What to produce: Below are the entries; give again exactly the lines from the one mentioning "Property photo of" through the one mentioning "Apartment Spacious 2", inclusive.

··· Supplied entries ···

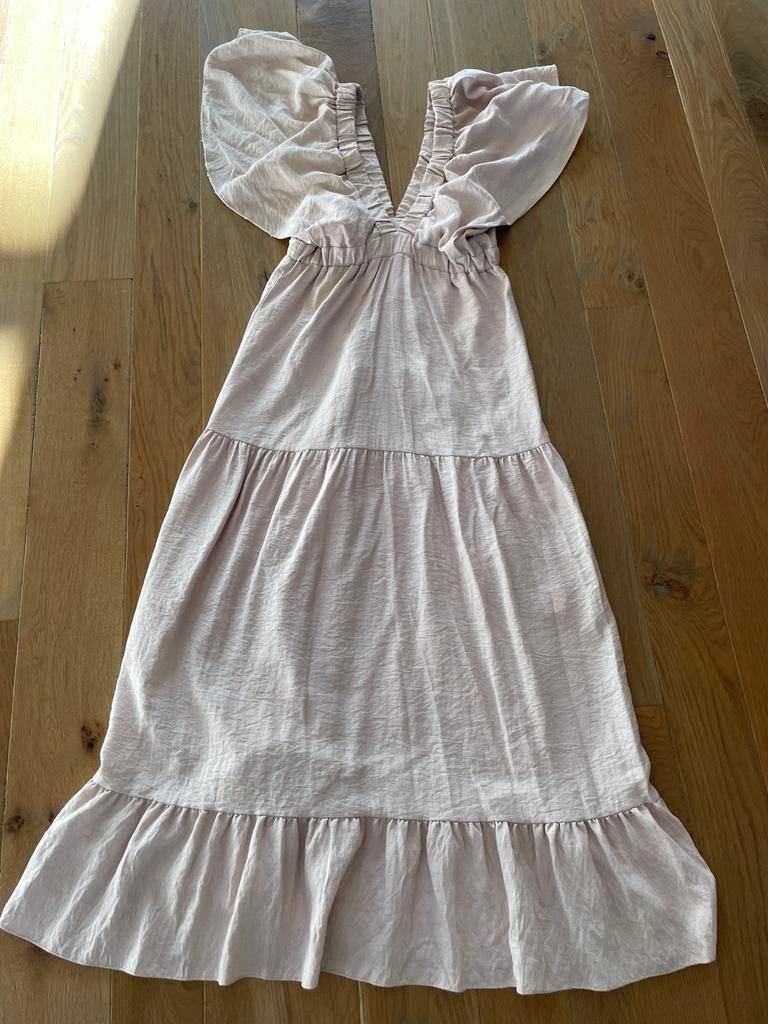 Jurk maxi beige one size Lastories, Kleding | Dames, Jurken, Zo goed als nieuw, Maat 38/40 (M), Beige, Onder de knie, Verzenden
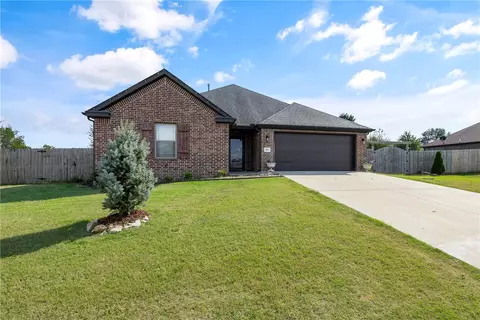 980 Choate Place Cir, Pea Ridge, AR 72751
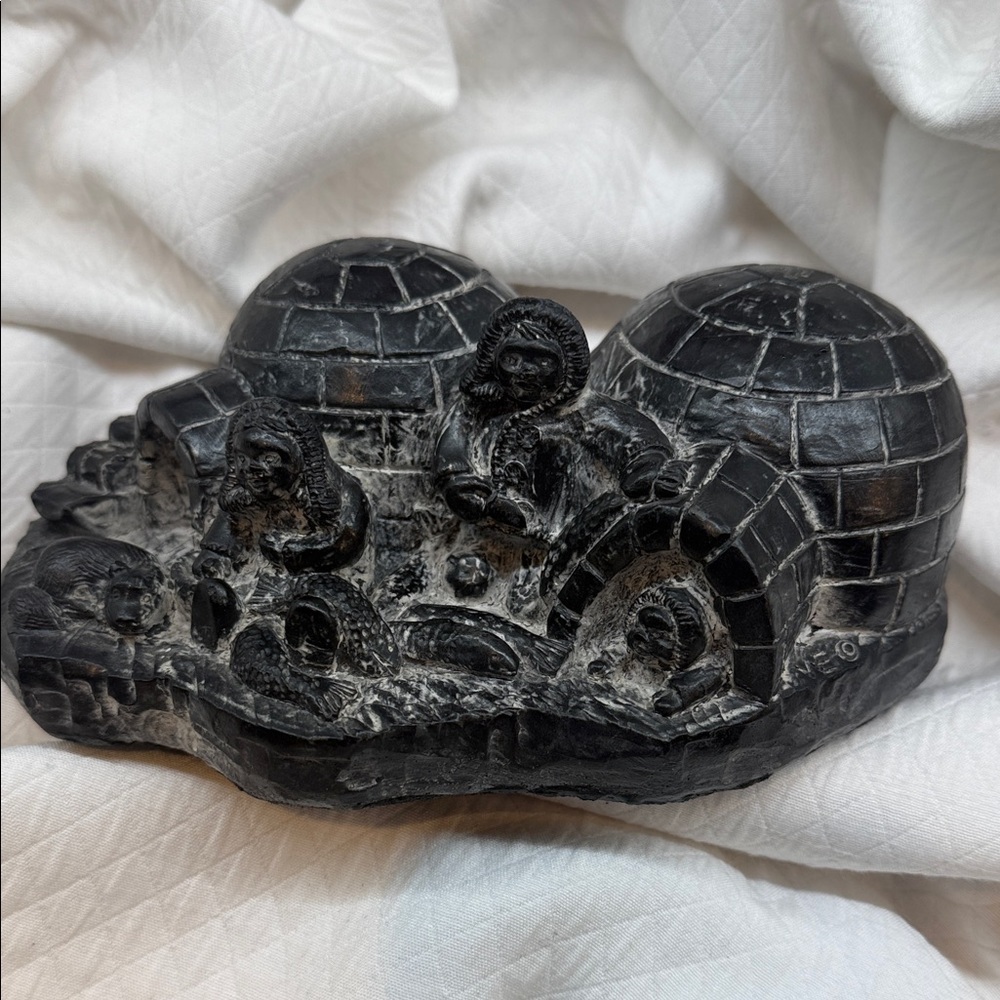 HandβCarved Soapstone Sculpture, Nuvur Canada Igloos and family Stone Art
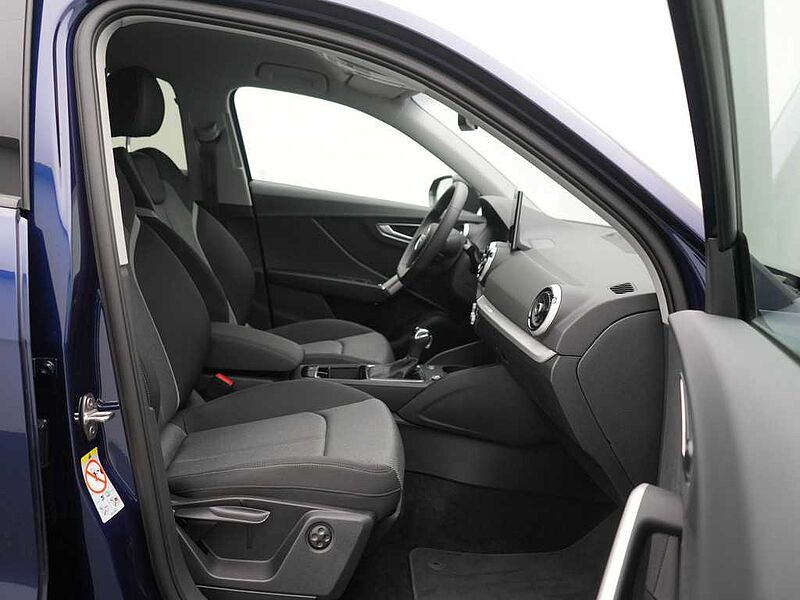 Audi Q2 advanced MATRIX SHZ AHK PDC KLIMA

···
··· Supplied entries ···

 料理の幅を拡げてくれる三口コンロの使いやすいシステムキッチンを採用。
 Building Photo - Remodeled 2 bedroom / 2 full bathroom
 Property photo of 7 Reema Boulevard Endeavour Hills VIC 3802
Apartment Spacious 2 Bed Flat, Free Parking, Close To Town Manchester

···

Answer for this exercise:
 Property photo of 7 Reema Boulevard Endeavour Hills VIC 3802
Apartment Spacious 2 Bed Flat, Free Parking, Close To Town Manchester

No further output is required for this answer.